Sur la gestion des herbages, et leur caractère précieux. Je retrouve des éléments que j'évoquais récemment : « You only build soil as deeply as you can get plant roots to penetrate, so the taller you let your yard or pasture grow before it's cut or grazed, the more soil you're making. » Ben Falk évoque à cette occasion les difficultés rencontrées pour créer des pâturages de qualité à partir de friches. Finalement, une solution miracle et intemporelle : le brulis, suivi d'une intervention plus moderne : le semis des espèces à fourrage désirées. D'ailleurs, à propos des semis d'engrais verts, je retiens l'idée suivante : faire des semis légers mais fréquents au lieu d'un unique semis, plus sensible aux aléas.

Toute la partie sur les swales, ou baissières en français, me laisse encore sceptique. C'est sûrement une question d'adaptation aux conditions locales. Le but est de récolter et de retenir l'eau sur le site, mais pour moi, sur mon terrain au sol pour l'essentiel lourd, argileux et hydromorphe, le défi serait plutôt d'évacuer l'eau pendant les trois quarts de l'année et de la retenir pendant seulement un quart de l'année. Pourtant, Ben Falk semble évoquer des conditions de sol proches des miennes. Ce qui ne fait en revanche guère de doute : dans ces contions de sol lourd, planter les arbres sur des buttes (buttes crées justement avec la terre sorties pour faire les baissières et placée immédiatement parallèles à elles) est pertinent afin de limiter l'asphyxie racine tout en créant une zone plus successible de garder l'humidité pour les racines (la baissière, ou fossé, justement). Donc les swales seraient-elles essentiellement utiles dans un objectif autant de plantation d'arbres (fruitiers et autres) autant que de gestion de l'eau ? C'est ce que je crois comprendre.

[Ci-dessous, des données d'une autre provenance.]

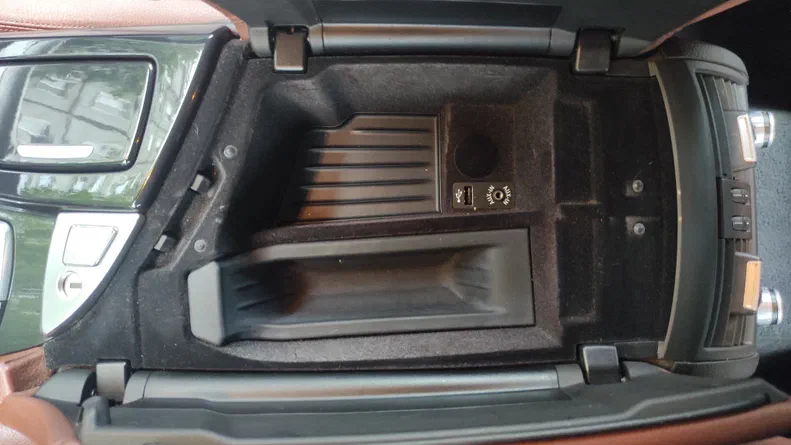 BMW 5 серія 2017 - 9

Ben Falk consacre quelques pages tout à fait pertinentes à l'obsession de la propreté et la perte de temps et de ressources qu'elle représente, surtout dans un contexte de travail de la terre quotidien. Fun fact : je ne me lave pas les cheveux, jamais, vraiment, et tout va bien, ils ont l'air parfaitement normaux et passent tous les examens des curieux qui viennent les regarder de près.

Selon l'auteur, un rapport sensé et soutenable avec l'environnement n'est possible que dans un cadre de « responsabilité directe » où chacun a directement à subir les conséquences de ses actions. C'est limpide : si survie et bien-être dépendent directement des actes accomplis au quotidien dans l'environnement, alors non seulement il serait insensé d'avoir un rapport destructeur avec cet environnement, mais en un sens, et c'est moi qui l'ajoute, ce serait impossible. Enfin, dans l'idéal : l'Histoire ne manque pas d'exemples de civilisations plus ou moins grandes épuisant les ressources qui leur permettent d'exister. Néanmoins, sont désirable connexion intime et long-termiste avec un lieu.

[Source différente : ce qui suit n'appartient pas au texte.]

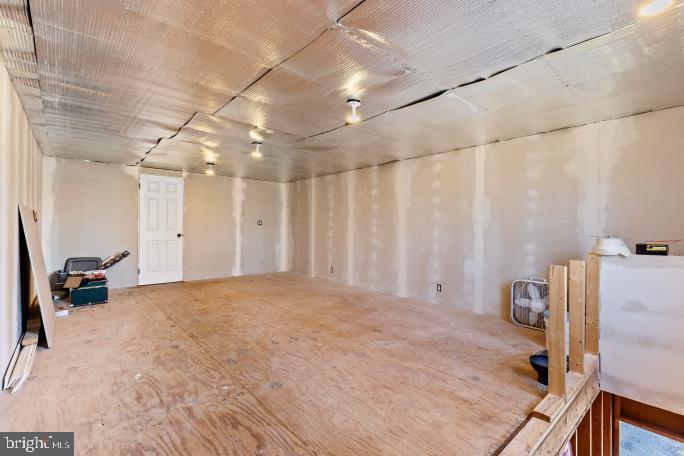 FRANKLIN TOWNSHIP - Residential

La partie consacrée à l'élevage et l'éducation d'enfants dans ce contexte de homestead est également hautement pertinente. Ne pas supposer qu'un enfant ne peut pas faire telle ou telle chose, mais l'accompagner dans ses envies naturelles, vers l'expérimentation et donc, nécessairement, l'échec. Accepter une part de risque, car ce n'est qu'en sortant de sa zone de confort qu'on apprend, tout en offrant support permanent. Savoir renoncer à une part de contrôle. Montrer plutôt que simplement expliquer. J'apprécie la longue liste fournie de savoirs concrets, du genre qu'on apprend pas à l'école et que je suis encore très loin de maitriser, alors qu'un enfant élevé dans un contexte comme celui de Ben Falk pourrait les maitriser avant l'adolescence.

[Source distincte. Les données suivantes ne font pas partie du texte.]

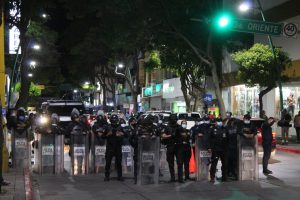 Desalojan a estudiantes que obstruían accesos de Palacio de Gobierno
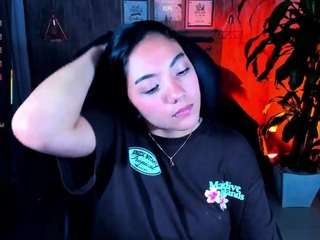 michael-greyy's CamSoda show and profile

Je vais terminer sur la longue liste d'éléments que Ben Falk évoque afin de maintenir et promouvoir la santé. Encore une fois, c'est pertinent. Sans détailler ses arguments, je vais voir comment je m'en sort.

  • Temps libre et spontanéité. Oui, c'est pour moi une priorité depuis longtemps, et j'y suis plutôt parvenu. Globalement, je fais ce que veux. Du moins, je jouis d'un niveau de liberté que suppose supérieur à celui de la grande majorité de la population.
  • Mouvement. Oui, je suis très actif physiquement. Je travaille beaucoup en extérieur, avec des plantes, avec mes muscles et mon agilité autant (ou presque) qu'avec mon esprit et mon raisonnement. C'est bien.
  • Hygiène du sommeil. Je m'en sors bien. Je m'endors très facilement, je fais régulièrement des nuits complètes, même si je souffre parfois d'insomnies. J'écris par exemple ce compte-rendu après une nuit de 3 heures. C'est un problème sur lequel je travaille activement ces temps-ci.
  • Temps en extérieur. Oui, beaucoup. 
  • Manger modérément / jeûner. J'ai commencé à m'intéresser à la nutrition il y a peut-être 10 ans et j'ai beaucoup travaillé à améliorer mon hygiène alimentaire et à dépasser mes addictions. Je reconnais les vertus du jeune intermittent, ou occasionnel, mais au contraire j'ai tendance à manger un peu trop et selon un rythme qui ne me convient pas toujours. La raison est sociale : on vit à quatre. Je vais travailler à me réapproprier mes rythmes alimentaires, qui incluent aisément le jeune intermittent.
  • Amour, connexion, beauté. Oui. Le social, c'est peut-être le plus important, difficile et délicat de tous ces éléments !
  • Exposition au soleil. Oui, et je reconnais son importance. Travailler plus souvent dehors en sous-vêtement, peut-être ?
  • Calme, réflexion, gratitude. Oui. Je m'en sort bien sur ce plan-là, d'une façon assez innée.
  • Créativité et travail manuel. Oui. Le projet de pépinière fruitière est justement une façon de marier ces deux éléments.
  • Temps personnel. Oui, même en vivant à quatre. J'ai tendance à en vouloir encore plus, mais je connais mes prédispositions et je préfère lutter un peu contre celles-ci.
  • Partage et entraide. Oui, à mon sens. Je suppose que certains pourraient me qualifier d'égoiste, mais mon approche du partage est peut-être la suivante : un regroupement d'égoistes épanouis dont les aspirations convergent et s'entremêlent.
  • Non addiction aux médias. Voilà bien un point auquel je ne peux répondre oui. Je suis accro à la stimulation, et bien que je passe l'essentiel de mon temps dehors, je suis surconnecté. Il y a des inconvénients, mais aussi des avantages.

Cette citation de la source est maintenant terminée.